## Exercise requirements
Take the entries below and reproduce exactly the portion that begins at the line containing "new 2025 Chevrolet" and ends at the line containing "Как законы Ньютона", keeping both ends, dropping pictures, and adding nothing else.

--- Information shown ---

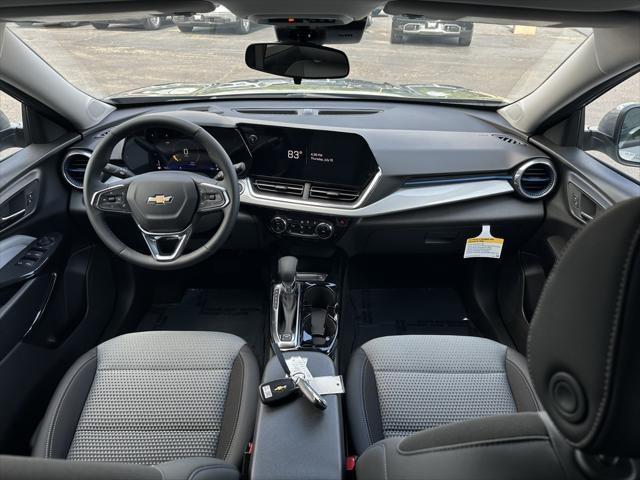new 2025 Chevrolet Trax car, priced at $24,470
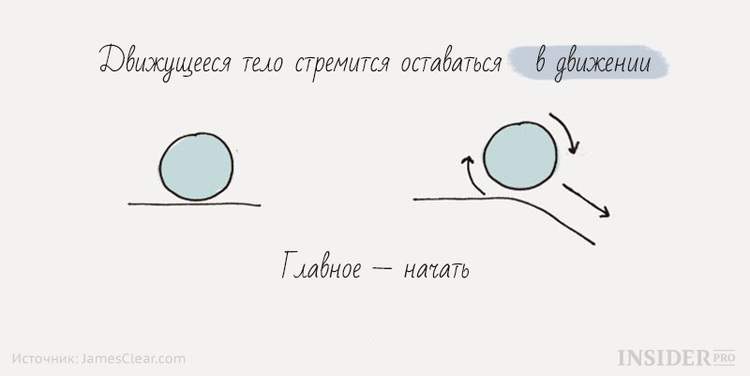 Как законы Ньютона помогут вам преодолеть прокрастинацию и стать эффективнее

---
--- Information shown ---

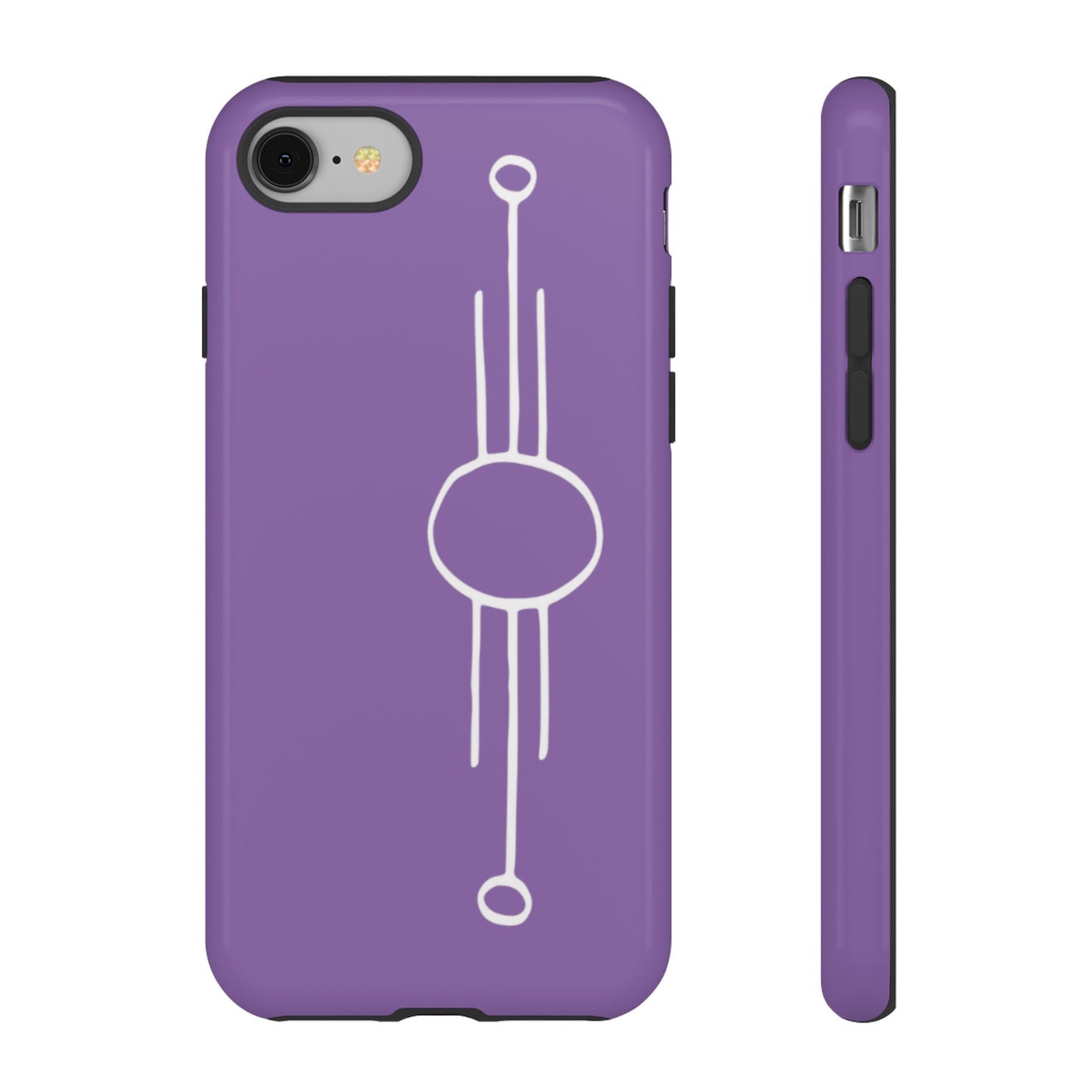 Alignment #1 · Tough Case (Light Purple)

---

## Answer to this problem
new 2025 Chevrolet Trax car, priced at $24,470
 Как законы Ньютона помогут вам преодолеть прокрастинацию и стать эффективнее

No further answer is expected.